I'm putting in a link. I'll type it in here instead of clicking on the icon... http://www.shubb.com/finetune/pics_17/F1_1880.jpg


----------



## guitarman2 (Aug 25, 2006)

Chito said:


> I'm putting in a link. I'll type it in here instead of clicking on the icon... www.shubb.com/finetune/pics_17/F1_1880.jpg


Link doesn't work for me.


----------



## GuitarsCanada (Dec 30, 2005)

Chito said:


> I'm putting in a link. I'll type it in here instead of clicking on the icon... www.shubb.com/finetune/pics_17/F1_1880.jpg


That's a dead link, try getting rid of the https:// and it will work


----------



## Guitar101 (Jan 19, 2011)

Strange. Website says "Not Secure" You shouldn't use credit cards etc. Not sure why. I do like the look of this capo though. Here's the link to the site. Shubb FineTune Capo (_careful: site is not secure_)


----------



## guitarman2 (Aug 25, 2006)

Guitar101 said:


> Strange. Website says "Not Secure" You shouldn't use credit cards etc. Not sure why. I do like the look of this capo though. Here's the link to the site. Shubb FineTune Capo (_careful: site is not secure_)
> 
> View attachment 221650



At one time I thought I'd like to try it. I have a friend on the Martin guitar forum that bought this capo and says he likes it better than his Elliot. I prefer the looks of my Elliot better as its a little sleeker. The knob on the back of the shubb looks big and clunky. The shubb fine tune certainly is considerably cheaper than the Elliot. The Elliots look like a fine piece of art.


----------



## knight_yyz (Mar 14, 2015)

I have 2 Thalia Capos and they work fine on all my guitars Even my Yammy 12 string. It has the interchangeable pads if you want to go from say 7.25 to 14 radius just change the contact pad.


----------



## Chito (Feb 17, 2006)

I'm going to try it again without the S in the http


----------



## Chito (Feb 17, 2006)

Still doesn't work...
http://www.shubb.com/finetune/pics_17/F1_1880.jpg


----------



## Chito (Feb 17, 2006)

Actually I have not been able to post any photos here for awhile now.


----------



## Chito (Feb 17, 2006)

okay so it's the security certificate... oh well..

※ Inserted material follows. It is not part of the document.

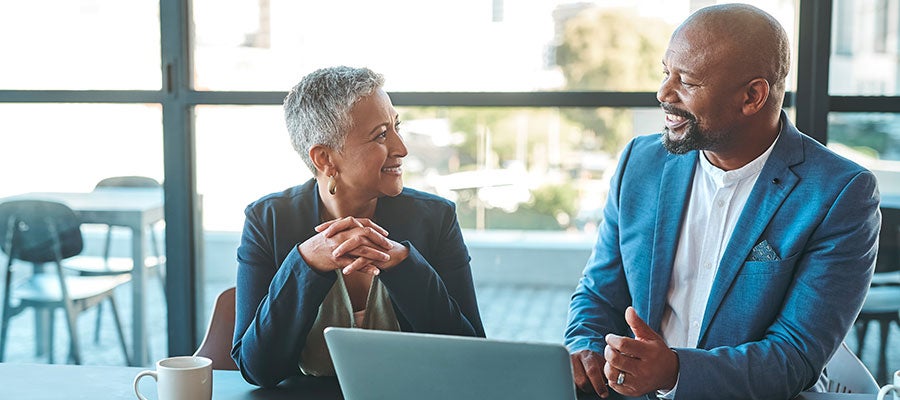 Man and woman consulting over computer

My sincere apologies for doing this on this thread.


----------



## Dorian2 (Jun 9, 2015)

I was going to post something about the pic but looks like you've figured it out.


----------



## GuitarsCanada (Dec 30, 2005)

Chito said:


> Still doesn't work...
> http://www.shubb.com/finetune/pics_17/F1_1880.jpg


Get rid of the https:// completely. use www.shubb.com/finetune/pics_17/F1_1880.jpg


----------



## Chito (Feb 17, 2006)

GuitarsCanada said:


> Get rid of the https:// completely. use www.shubb.com/finetune/pics_17/F1_1880.jpg


I just tried it now on my post above. I don't think the Shubb SSL certificate is good. I updated the SSL on my own site and it works with that. Thanks GC. I'll stop posting in this thread now.


----------



## Lord-Humongous (Jun 5, 2014)

Here are a couple of the off brand capos that I’ve been using. I have three of them kicking around now. $5.00 or less depending where you look. 


















Sent from my iPhone using Tapatalk


----------



## NashvilleDeluxe (Feb 7, 2018)

Beware of some of the spring-loaded types on new nitrocellulose or chunkier necks. They can leave marks if the spring is too aggressive. Kysers are for chip bags or hanging laundry only.


----------



## rollingdam (May 11, 2006)

NS type capos work fine on most guitars-the Elliott and other similar high priced capos are for the bluegrass fashionistas that like to slide them down from behind the nut to go with their Martins with the strap pins at the heel and try to look like a pro at a campsite jam.


----------



## Chitmo (Sep 2, 2013)

Ask @Steadfastly .. he knows everything


----------



## guitarman2 (Aug 25, 2006)

Went to see Diamond Rio tonight. The opening act, some girl from Nashville was using a Keyser on her guitar. The pic here is of Marty Rowe, lead singer for Diamond Rio also using a Keyser. Guess its just snobby weekend warriors like me that spend all the big bucks on the booteek stuff.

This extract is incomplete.